O filósofo, educador e escritor Mario Sergio Cortella
Chico Max / Divulgação
O filósofo, educador e escritor Mario Sergio Cortella

A corrupção tem seu lado erva daninha. Por mais que se combata, ela nunca desaparece completamente. Mas existem graus elevados, medianos e mínimos da velha praga, que nos acompanha desde que o mundo é mundo. Se é praticamente impossível extirpá-la por completo, isso não significa que não possa ser colocada sob controle, de tal forma que seja minimizado seu efeito danoso para a sociedade como um todo.

Tive a oportunidade de assistir um vídeo curto do filósofo e professor da PUC-SP Mario Sergio Cortella em que ele faz observações pertinentes sobre a corrupção no plano individual.

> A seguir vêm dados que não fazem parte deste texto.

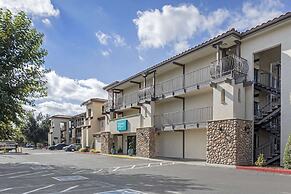 Hillstone Inn Tulare, Ascend Hotel Collection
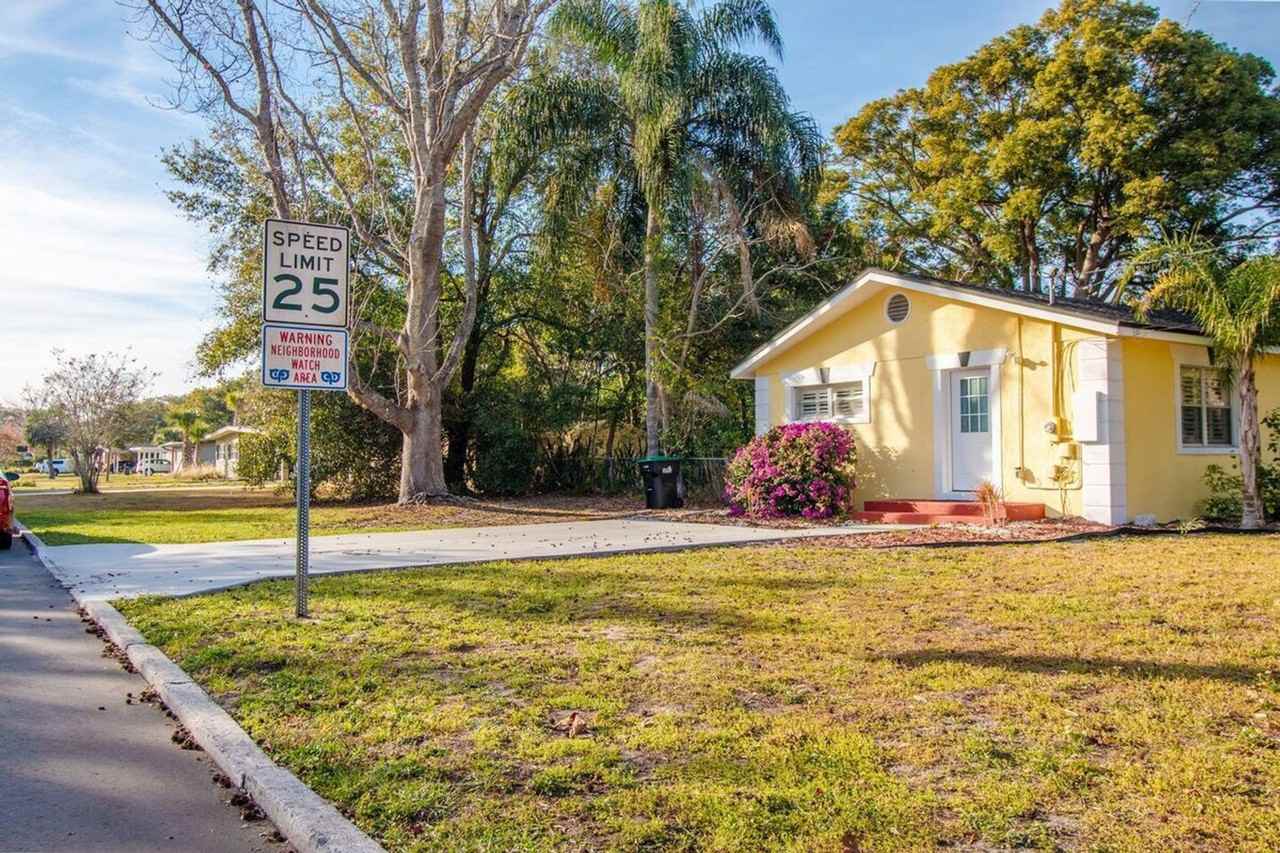 3037 Peel Ave #1094210P - Photo 5 of 5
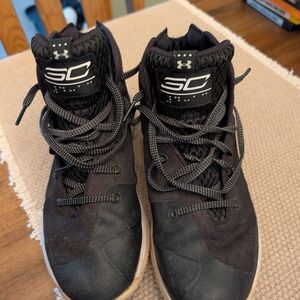 Steph Curry Under Armour 3ZERO Blackout Hightops Youth Sz 7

Ele inicia fazendo um chamamento à responsabilidade individual. A crise do casamento no Ocidente não implica que o meu casamento tenha que estar obrigatoriamente em crise. Relembra a perspicácia de Machado de Assis quando dizia que “Não é a ocasião que faz o ladrão, a ocasião apenas o revela”. A condição de ser ladrão seria anterior.

De modo muito franco, ele nos fala do tempo em que foi Secretário Municipal de Educação de São Paulo, de ter tido a experiência de gestor público, e as várias situações em que foi tentado. Mas não se dobrou às tentações porque não quis. O fato de viver num ambiente em que há corrupção não significa que deva me corromper.

Segundo ele, uma das capacidades que revela inteligência e franqueza de uma pessoa é reconhecer que fez algo que não deveria ter feito. Quando você é incapaz de reconhecer isso, a medicina tem uma palavra pesada para definir tal desvio de comportamento: psicopatia. Não ter o sentimento do arrependi-mento escancara o fato de que não tem noção de moralidade. Quem age dessa forma se julga inalcançável, acima dos demais. Orgulho tolo e a certeza (duvidosa) da impunidade.

Cabe aqui um contraponto ao que Cortella afirmou no vídeo. Basta lembrar o famosíssimo chamamento de Cícero, grande orador romano, nas Catilinárias: “Ó tempos! Ó costumes!”, em que ele fala da decadência de Roma. Ou seja, o clima geral de uma época maximiza ou minimiza a corrupção.

Monteiro Lobato, em artigo intitulado “Dom Pedro II era a Luz do baile”, nos mostra como o peso das instituições saudáveis, capitaneadas pelo exemplo de Pedro II, fazia com que o espertalhão ficasse constrangido em dar asas a seus instintos predadores e se comportasse como homem de bem. (Ele sabia que havia uma sentinela alerta.) E, por outro lado, na ausência dessas mesmas instituições, como o homem de bem podia se transformar em lobo já que a alcateia havia assumido o controle. (Ele sabia que não havia mais sentinela alerta desde o início da república.) Houve, de fato, muita corrupção, como nos garantem historiadores respeitáveis. E que foi num crescendo até hoje.  

Em artigo meu anterior, comentei o caso do jesuíta polonês que nos comícios segurava o fundo dos bolsos da calça com firmeza para não fazer a saudação do “Heil Hitler!”, enquanto a multidão em volta, alucinadamente, a repetia. De certa forma, o jesuíta confirma Machado de Assis. Mas nem por isso o fato histórico descrito por Monteiro Lobato é menos verdadeiro.